Slowing growth in China and other emerging markets has dragged metals prices into a deep downturn, just a few years after mining companies and their investors bet billions on a so-called supercycle, the seemingly never-ending growth in demand for commodities.

Back then, miners awash in cheap money set out to build the biggest mines in history, extracting iron ore in Australia, Brazil and West Africa, and copper from Chile, Peru, Indonesia, Arizona, Mongolia and the Democratic Republic of Congo. They also expanded production of minerals such as zinc, nickel and bauxite, which is mined to make aluminum.

Those giant mines are now giving the industry an extra-bad hangover during the bust. The big mines cost so much to build and extract minerals so efficiently that mothballing them is unthinkable—running them generates cash to pay down debts, and huge mines are expensive to simply maintain while idle. But as a result, their scale means they are helping miners dig themselves even deeper into the price trough by adding to a glut.

The prolonged price slump has forced miners to make painful cuts. In December, Anglo American PLC, which recently completed a supermine in Brazil that went over budget by $6 billion, announced 85,000 new job cuts, asset sales and a suspended dividend.

On the same day, Rio Tinto PLC, which has built supermines in Western Australia, cut spending plans, while in September, GlencorePLC suspended its dividend and raised $2.5 billion in stock as part of a plan to cut debt.

Phoenix-based Freeport itself has felt the pressure. Executive Chairman and co-founder James R. Moffett stepped down on Dec. 28, months after activist investor Carl Icahn took a large stake. The board approached the wildcatter, who is known as “Jim Bob,” about resigning, after nearly half a century with Freeport and its predecessors.

When Freeport’s Cerro Verde mine’s production is fully ramped up this year, it will hit a billion pounds of copper a year—3% of the world’s production, even as copper prices sink to six-year lows.

The impact of mines like Cerro Verde is sweeping, including downward pressure on commodity prices until the end of the decade, when supply is expected to slip as some older mines finally dry up. Companies’ profit margins are shrinking, many are writing down assets and more smaller players are likely to go belly-up, according to ratings firms and analysts.

Investors who once bet on ever-increasing demand by backing miners have also been badly burned as share prices have dropped and dividends have been gutted. The benchmark S&P/TSX Global Mining Index has fallen 65% since 2010.

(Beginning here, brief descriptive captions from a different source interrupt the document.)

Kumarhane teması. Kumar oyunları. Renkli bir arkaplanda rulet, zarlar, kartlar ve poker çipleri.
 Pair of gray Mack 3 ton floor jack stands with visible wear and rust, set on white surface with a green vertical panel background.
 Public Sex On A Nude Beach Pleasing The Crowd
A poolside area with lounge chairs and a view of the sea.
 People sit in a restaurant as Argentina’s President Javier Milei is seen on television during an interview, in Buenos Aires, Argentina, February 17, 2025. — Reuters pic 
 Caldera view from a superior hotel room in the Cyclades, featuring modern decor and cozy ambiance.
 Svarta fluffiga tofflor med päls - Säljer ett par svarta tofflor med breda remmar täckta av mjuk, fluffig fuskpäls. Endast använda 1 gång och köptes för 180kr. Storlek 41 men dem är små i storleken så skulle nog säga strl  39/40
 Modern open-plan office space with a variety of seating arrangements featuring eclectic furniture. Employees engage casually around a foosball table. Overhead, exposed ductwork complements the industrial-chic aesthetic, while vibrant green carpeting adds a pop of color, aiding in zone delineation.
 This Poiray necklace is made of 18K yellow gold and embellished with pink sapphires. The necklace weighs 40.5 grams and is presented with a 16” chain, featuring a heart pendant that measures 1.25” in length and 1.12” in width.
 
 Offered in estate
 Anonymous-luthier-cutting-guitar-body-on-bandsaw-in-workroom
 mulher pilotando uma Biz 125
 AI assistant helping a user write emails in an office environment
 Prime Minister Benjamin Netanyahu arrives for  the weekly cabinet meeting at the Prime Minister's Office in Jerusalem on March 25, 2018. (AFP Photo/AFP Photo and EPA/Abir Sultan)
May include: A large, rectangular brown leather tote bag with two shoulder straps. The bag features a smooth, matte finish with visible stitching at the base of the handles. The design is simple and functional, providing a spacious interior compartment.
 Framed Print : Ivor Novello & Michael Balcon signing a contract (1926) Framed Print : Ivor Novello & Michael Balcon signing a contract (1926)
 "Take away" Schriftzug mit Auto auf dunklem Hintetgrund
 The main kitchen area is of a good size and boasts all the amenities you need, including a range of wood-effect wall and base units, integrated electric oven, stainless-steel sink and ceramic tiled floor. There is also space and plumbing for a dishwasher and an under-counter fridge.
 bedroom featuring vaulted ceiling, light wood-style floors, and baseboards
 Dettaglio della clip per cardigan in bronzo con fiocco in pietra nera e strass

Since 2007, mining companies have spent over $100 billion a year in capital expenditure, much of it to build supermines, such as Rio Tinto and BHP Billiton PLC’s expansions in the Pilbara region of Western Australia, which require thousands of workers to fly in for stints in a remote desert, and Anglo American’s Minas Rio in Brazil, which involved a 325-mile iron ore slurry pipeline snaking its way though 32 municipalities.

Investment is still trickling in. Rio Tinto in December announced a $4.4 billion financing deal for its Oyu Tolgoi copper and gold supermine in Mongolia.

“After nearly three decades of having to beg for capital, suddenly bankers and investors were throwing money at miners and imploring them to invest in more and bigger projects,” said Dick Evans, a former board member of Rio Tinto, and now chairman of aluminum maker Constellium NV. “The miners were like kids in a candy store.”

At the same time, new mining technologies, like bigger haul trucks, shovels and other equipment, enabled the building of facilities that could produce two or three times the copper or iron ore of the previous generation of big mines.

Spread over 150,000 acres, Cerro Verde includes two pits that each could fit multiple baseball stadiums; a $500 million water treatment plant half a mile long; and two hulking concrete and steel concentrators that look like giant roller coasters and can extract copper from 360,000 tons of rock a day. The mine is capable of consuming around 9% of all the electricity in Peru. A tour took six hours.

Cerro Verde is so big that “we’re running into the limit of space and how many trucks you can put on ramps,” said Red Conger, the chief operating officer responsible for the mine, on a recent mine visit.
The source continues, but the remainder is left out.